How to deal with huge tables?

  • I have a user table which is to store user's demographics. Every time a user signs up, one row will be created.

    When this table grows (say, 50M rows now), it is taking more and more time to generate reports from that table (if that is the only way).

    I am thinking a work-around for this but I am not very sure...I want the experts here to give me some inputs:

    The basic idea is to keep the user table grow...seems like there is no other way to get around it..(no duplicate users allowed for that table)

    But I have a sp to summarize the report for each day and insert it to a report table. So when I do the reporting I just need to look at the report table and no need to get that from the user table any more.

    Let me know what you think.

    Thank you,

    TH

    Edited by - huangting on 07/01/2003 10:27:39 PM

  • Hi

    Is it taking more time to insert/update/delete data than to query?

    Back to your question, if indexed correctly, you shouldnt have too much of a problem with performance given the dynamics of a b-tree structure no matter he table size. I dont have a 50million row table to try some stats over, but with my 3million row obj i have virtually zero issues between it being 2mill to 3mill. What i have noticed is the time taken for index maintenance and general performance with large numbers of foreign key lookups etc on insert. In terms of reporting, what sort of reporting are you doing? ranged based over date? some other field?

    Cheers

    Ck

    Chris Kempster

    http://www.chriskempster.com

    Author of "SQL Server 2k for the Oracle DBA"


    Chris Kempster
    www.chriskempster.com
    Author of "SQL Server Backup, Recovery & Troubleshooting"
    Author of "SQL Server 2k for the Oracle DBA"

  • That's a good solution provided the existing data doesn't change. Also, from experience, you'll need some smarts in your summarization SP to look for days that may have been missed or re-summarize for a particular range of days.

    If existing data does change then you may want to consider a trigger on the main to maintain the the consistency of the summarized data.

    Another option, with a bunch of prerequisites, is an Indexed View. Numero Uno prerequisite is Enterprise Edition.


    Cheers,
    - Mark

  • Thank you both for your comments and suggestions.

    I got the following suggestion from Microsoft newsgroup which I think is valuable and I want to share it here with you:

    You can:

    1) create the right indexes on your tables so that the lookups are fast on each one.
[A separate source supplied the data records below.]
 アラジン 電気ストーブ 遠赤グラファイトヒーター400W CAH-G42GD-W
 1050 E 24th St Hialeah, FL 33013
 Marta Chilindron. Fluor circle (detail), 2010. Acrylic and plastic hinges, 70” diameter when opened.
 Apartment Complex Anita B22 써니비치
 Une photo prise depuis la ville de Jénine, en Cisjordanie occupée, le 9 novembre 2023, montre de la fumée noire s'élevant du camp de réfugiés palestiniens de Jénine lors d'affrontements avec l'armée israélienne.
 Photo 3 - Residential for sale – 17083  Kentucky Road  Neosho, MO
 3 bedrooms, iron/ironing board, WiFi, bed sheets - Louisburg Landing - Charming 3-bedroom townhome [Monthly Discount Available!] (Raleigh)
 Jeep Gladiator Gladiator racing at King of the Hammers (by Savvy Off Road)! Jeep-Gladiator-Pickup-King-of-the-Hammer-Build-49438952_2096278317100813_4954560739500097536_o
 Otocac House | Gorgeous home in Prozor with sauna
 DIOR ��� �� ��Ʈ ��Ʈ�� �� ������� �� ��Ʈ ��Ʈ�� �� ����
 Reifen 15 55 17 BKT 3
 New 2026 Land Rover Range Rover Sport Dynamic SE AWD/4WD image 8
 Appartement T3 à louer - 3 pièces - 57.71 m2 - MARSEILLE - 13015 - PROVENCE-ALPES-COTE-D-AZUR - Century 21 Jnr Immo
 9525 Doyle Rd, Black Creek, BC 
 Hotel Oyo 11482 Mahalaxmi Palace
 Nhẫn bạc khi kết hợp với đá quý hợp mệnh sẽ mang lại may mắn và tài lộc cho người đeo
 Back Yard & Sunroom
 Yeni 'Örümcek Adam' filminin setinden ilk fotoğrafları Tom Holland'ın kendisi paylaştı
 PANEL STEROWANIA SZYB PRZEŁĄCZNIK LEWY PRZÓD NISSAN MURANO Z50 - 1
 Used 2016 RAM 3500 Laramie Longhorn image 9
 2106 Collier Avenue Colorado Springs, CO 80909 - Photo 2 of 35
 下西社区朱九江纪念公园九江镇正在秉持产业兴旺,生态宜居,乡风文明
    2) create indexed views that display the same columns as your daily report, and index it by date.

    note: (2) is only useful in enterprise edition.

    when you do your report query, it should read from the indexed view, making it pretty much instantaneous.

    Is faster than sumarizing it yourself, and gives you database integrity and is always up to date, not just once a day.

    By Zig Mandel

  • Just a comment:

    - indexed views DO NOT use the view's index IF the base table have good indexes on it.It will use the table indexes, so you earn zero.